Interesting read, thanks for sharing! You mentioned 30-50% accuracy for predicting the category of an inquiry using an RNN. You also say that RNN requires only “raw” data, what gives them an advantage compared with other ML models. I’m curious if you had a chance to try, for example, Vowpal Wabbit for the multi-class classification problem that you described with exactly the same data - no feature generation? In addition, I wonder if the order of events matters for labelling an inquiry. A bag-of-words or n-grams might do the job in VW. Neural Networks require a lot of data for training and, as you said, are more often a black box. While “classic” ML can deal with much less data, which might matter considering Monzo is just getting started But I appreciate your opening statement that you have a lot more ideas than you could implement! Maybe Kaggle community could help?
Hi Dmitri, sorry for the late response. I’ve unfortunately never tried using Vowpal Wabbit so wouldn’t be able to tell how it compares with regard to performance. But here are a couple of thoughts on BOW. In my view, order and relative time play a big role in modelling of navigational patterns. Because some events might be more or less relevant for a certain prediction given their relative age. Order is equally important because you want to consider certain event only if they occur after certain other events for example. Another advantage is that you can make the prediction one event at a time as they arrive. Imagine you would need to retrieve the latest 200 events for a user every time you run a prediction on it. It would would be quite expensive (cost/time/compute) to deal with so many events every time. Finally, it seems to be working fine even with our medium size data (180k users) I would be really curious to try a BOW model in this particular case just to have a benchmark but I’m afraid I will not have the time
In my own experience, I’ve learned to test any hypotheses in ML, however unbelievable, even if it goes against my logic In particular, I once played with logs of visited websites trying to predict a user to whom such session (of 10 websites) belongs. VW with BOW outperformed an LSTM NN even though I still don’t loose hope to prove that the order of the visited websites matters for user identification in this particular problem (because that’s logical, right?)

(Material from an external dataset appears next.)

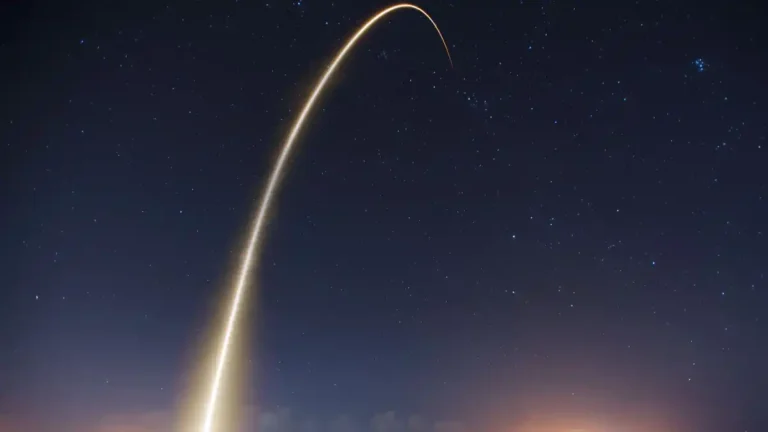 A rocket launch captured at night, leaving a bright curved trail of light across a star-filled sky.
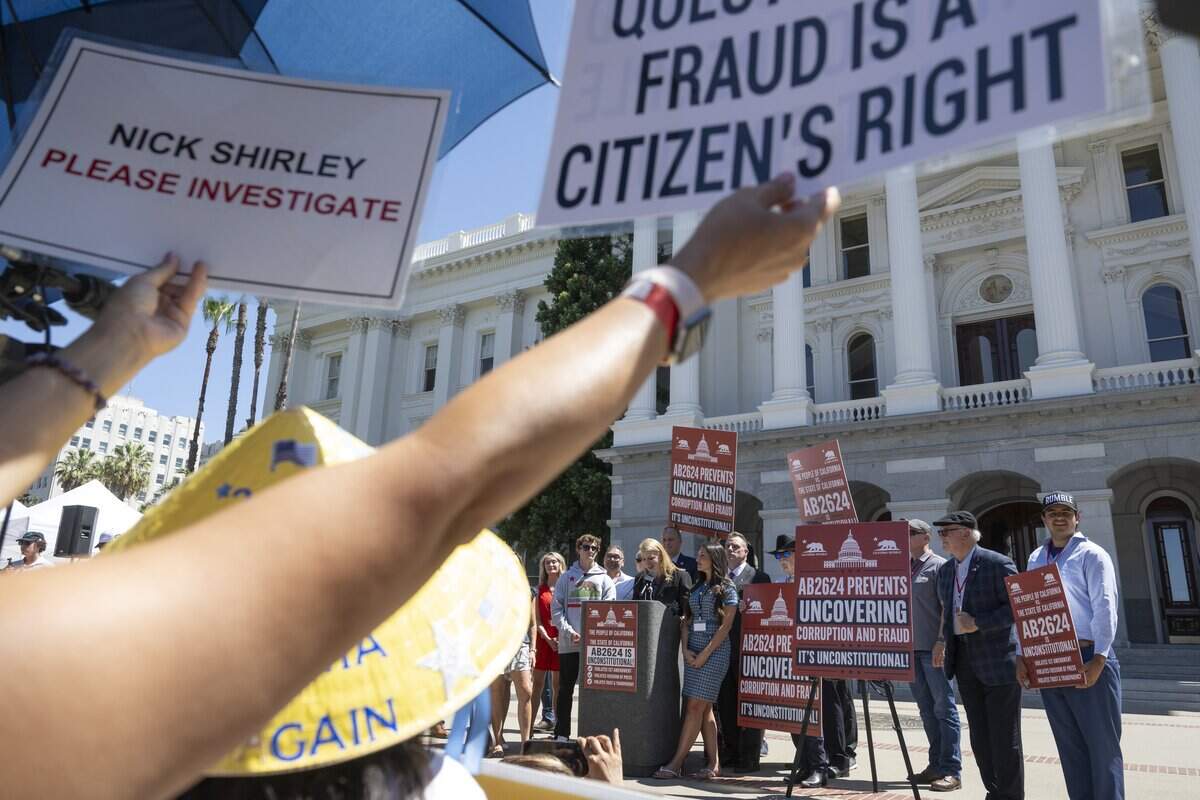 Fans of influencer Nick Shirley cheer during a news conference in opposition to Assembly Bill 2624, also known as "the Stop Nick Shirley Act," at the California Capitol in Sacramento on Wednesday, Aug. 26, 2026. The bill extends an address confidentiality program to immigration service providers.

I also didn’t quite understand your point around retrieving the latest 200 events every time you run a prediction on it. Why would we need 200 events? For example, here’s my latest experience: I noticed that TfL double charged me. I clicked the first TfL transaction, returned back, clicked another TfL transaction. Being confused, I’m clicking for help. A correct prediction would be a help article about TfL charges that Monzo already has. I imagine, we don’t quite need 200 events, we just need a few that happened during the past couple of minutes (or, if there have been none in the past minutes, grab the last few available ones).
Anyway, interesting discussion! Good luck!
Very interesting post.
It’s nice to see a bank being open with how they use data and analytics. It’s also extremely satisfying to know that my bank isn’t relying on cumbersome SAS code to identify fraud.
The fraud detection use-case is an interesting one, given that Monzo is relatively small, does that mean you have 100% verified labelled data? For the majority of companies, fraud can only be identified if investigated; this investigation is generally rule based, this account had this activity or this account shut after x minutes. If this is the case then unsupervised learning is the only way to pattern match and identity potential new fraudulent activity. RNNs will only narrow this tunnel vision.
Relating to doubling the work by writing a complicated data pipeline, write reusable transformation code in a language that is supported and implementable into the production use case!
I’ve really impressed with the amount of work that you guys have got through with only being a team of one and now two(?). If you are ever hiring a remote data scientist, fire the job ad over here!
Hi Paul, thanks for your comments. Because we primarily deal with first party fraud at the moment we are quite certain that a given user is fraudulent because we usually receive a chargeback if somebody has topped up from a stolen debit card for example. This makes things easier. We also have a rules based system in place which produces quite a few false positives but is very useful as a second line of defence in particular for obviously fraudulent cases.